> _TASK DETAILS_: Reproduce exactly the lines of this material that begin at the line with "Navire frigorifique à vendre" and end at the line with "Alexandria, NH 03222", both included. Omit the pictures and everything else.

> _LISTED RECORDS_:
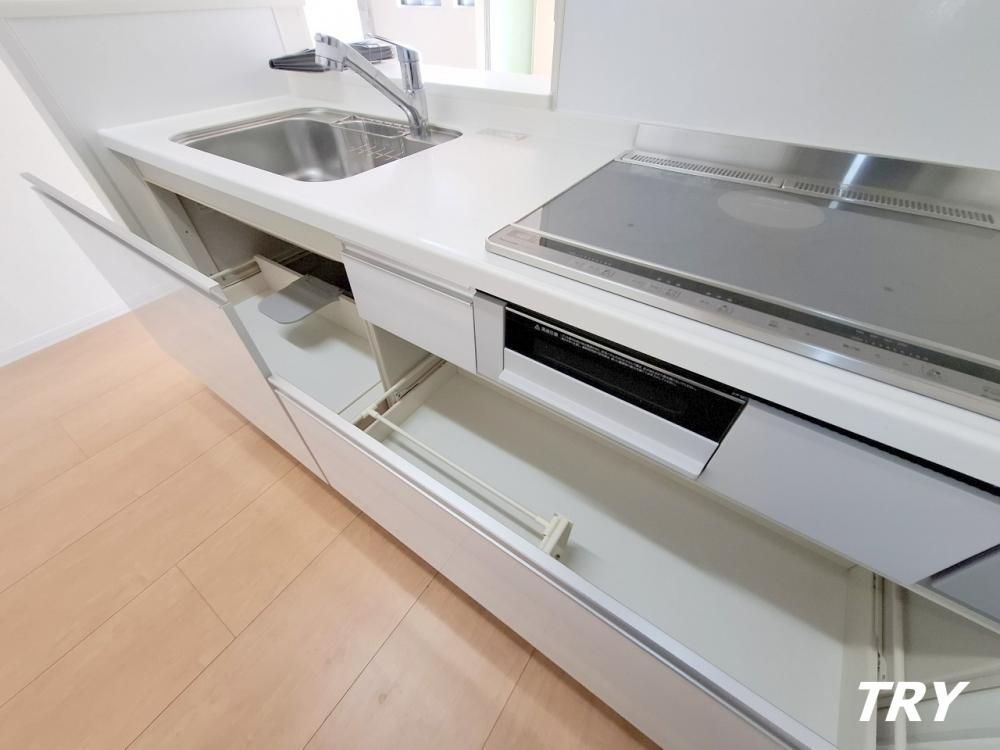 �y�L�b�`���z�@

==

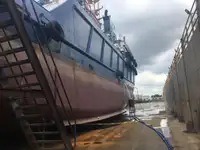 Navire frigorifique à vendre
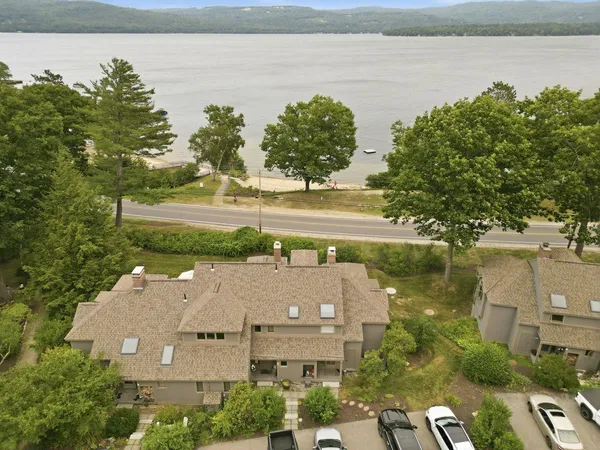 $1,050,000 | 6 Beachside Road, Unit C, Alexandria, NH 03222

...

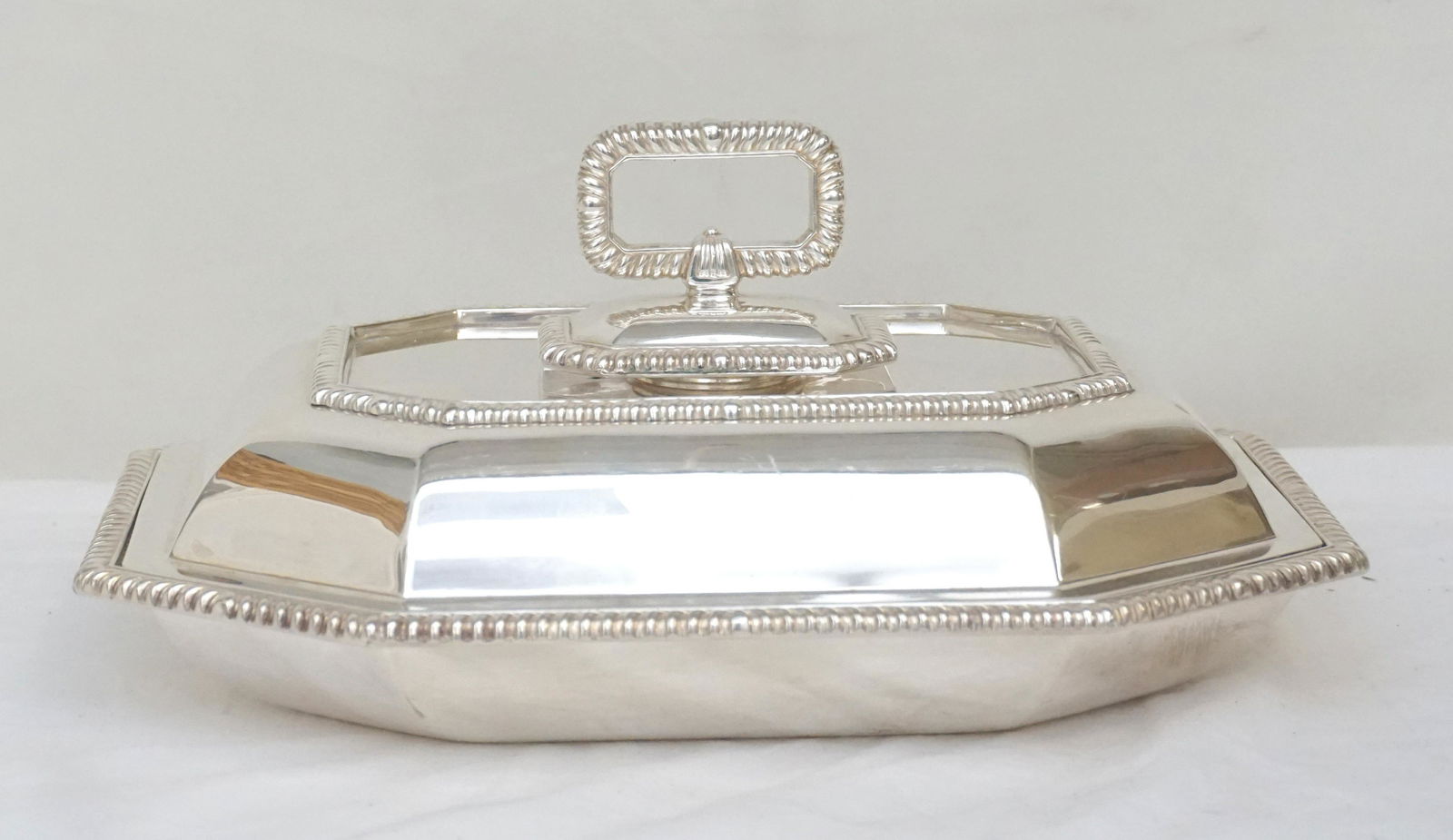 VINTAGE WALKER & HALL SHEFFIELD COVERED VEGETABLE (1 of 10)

> _RESPONSE TO THE EXERCISE_:
 Navire frigorifique à vendre
 $1,050,000 | 6 Beachside Road, Unit C, Alexandria, NH 03222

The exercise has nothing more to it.